I know that this is an immediate consequence of Hahn-Banach's theorem. But I only know how to prove the claim when the linearly independent subset is finite, and the obvious generalization of this proof doesn't hold. I will enunciate from which version of HB's theorem I wish to prove the claim...
HB's Theorem:
Let $X$ be a normed space and $S\subseteq X$ a subspace.
Then, given $\varphi\in S^* $ there is $\widetilde{\varphi}\in X^*$ such that $\left.\widetilde{\varphi}\right|_S = \varphi\ $ and $\ \|\widetilde{\varphi}\|=\|\varphi\|$.
Proof of the claim when the linearly independent subset is finite: Just consider $S=[x_1,\cdots,x_n]\subseteq X$ and use HB to extend $\varphi \in S^*$ defined by $\varphi(x_i)=\alpha_i$.
BUT, in the case when the linearly independent subset is $\{x_1,x_2, \cdots \}$ the linear function defined by $\varphi(x_i)=\alpha_i$ is not bounded, so it doesn't belong to $S^*$... and I couldn't prove the claim in another way :(
Could you help me?
Edit: so it happens that the claim is false, as pointed out by @peek-a-boo 's answer. So I'm searching for additional hypothesis on the real sequence $\{\alpha_n\}$. I could assume that it is bounded, or even that the series $\sum \alpha_n$ converges... but I still can't prove that the function which satisfies $\varphi(x_i)=\alpha_i$ is bounded.

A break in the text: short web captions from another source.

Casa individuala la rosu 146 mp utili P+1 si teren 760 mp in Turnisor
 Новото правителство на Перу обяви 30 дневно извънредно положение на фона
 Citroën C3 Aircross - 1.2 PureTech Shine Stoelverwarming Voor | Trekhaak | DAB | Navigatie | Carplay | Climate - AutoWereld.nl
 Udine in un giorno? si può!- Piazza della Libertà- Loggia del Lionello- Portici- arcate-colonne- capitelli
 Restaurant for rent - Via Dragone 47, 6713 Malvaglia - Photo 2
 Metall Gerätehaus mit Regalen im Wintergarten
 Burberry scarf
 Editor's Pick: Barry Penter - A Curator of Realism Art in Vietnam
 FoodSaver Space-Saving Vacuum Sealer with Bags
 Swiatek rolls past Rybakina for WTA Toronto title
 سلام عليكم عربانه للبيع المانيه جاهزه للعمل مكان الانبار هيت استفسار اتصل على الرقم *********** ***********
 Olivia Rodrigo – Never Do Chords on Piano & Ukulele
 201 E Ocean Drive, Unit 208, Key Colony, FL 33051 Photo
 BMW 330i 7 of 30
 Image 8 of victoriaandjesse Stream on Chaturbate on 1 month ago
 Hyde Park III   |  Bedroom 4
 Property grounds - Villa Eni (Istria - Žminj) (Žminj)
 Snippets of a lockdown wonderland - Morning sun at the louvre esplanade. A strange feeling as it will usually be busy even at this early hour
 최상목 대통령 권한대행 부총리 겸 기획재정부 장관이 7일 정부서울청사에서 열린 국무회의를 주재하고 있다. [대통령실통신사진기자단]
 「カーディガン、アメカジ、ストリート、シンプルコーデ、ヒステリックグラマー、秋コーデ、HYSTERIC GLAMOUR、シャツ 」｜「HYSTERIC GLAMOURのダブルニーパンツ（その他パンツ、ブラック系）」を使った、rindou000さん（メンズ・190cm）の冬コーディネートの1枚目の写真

Isn't the claim false? Suppose WLOG that $\{x_n\}_{n=1}^{\infty}$ is a collection of linearly independent unit vectors, and $\{\alpha_n\}_{n=1}^{\infty}$ is an unbounded sequence of real numbers (for example $\alpha_n=n$). Then, for any linear $f:X\to\Bbb{R}$ such that for each $n\in\Bbb{N}$, $f(x_n)=\alpha_n$, we have \begin{align} \sup_{x\in X, \|x\|=1}|f(x)|\geq \sup_{n\in\Bbb{N}}|f(x_n)|=\sup_{n\in\Bbb{N}}|\alpha_n|=\infty. \end{align} So, $f$ is unbounded.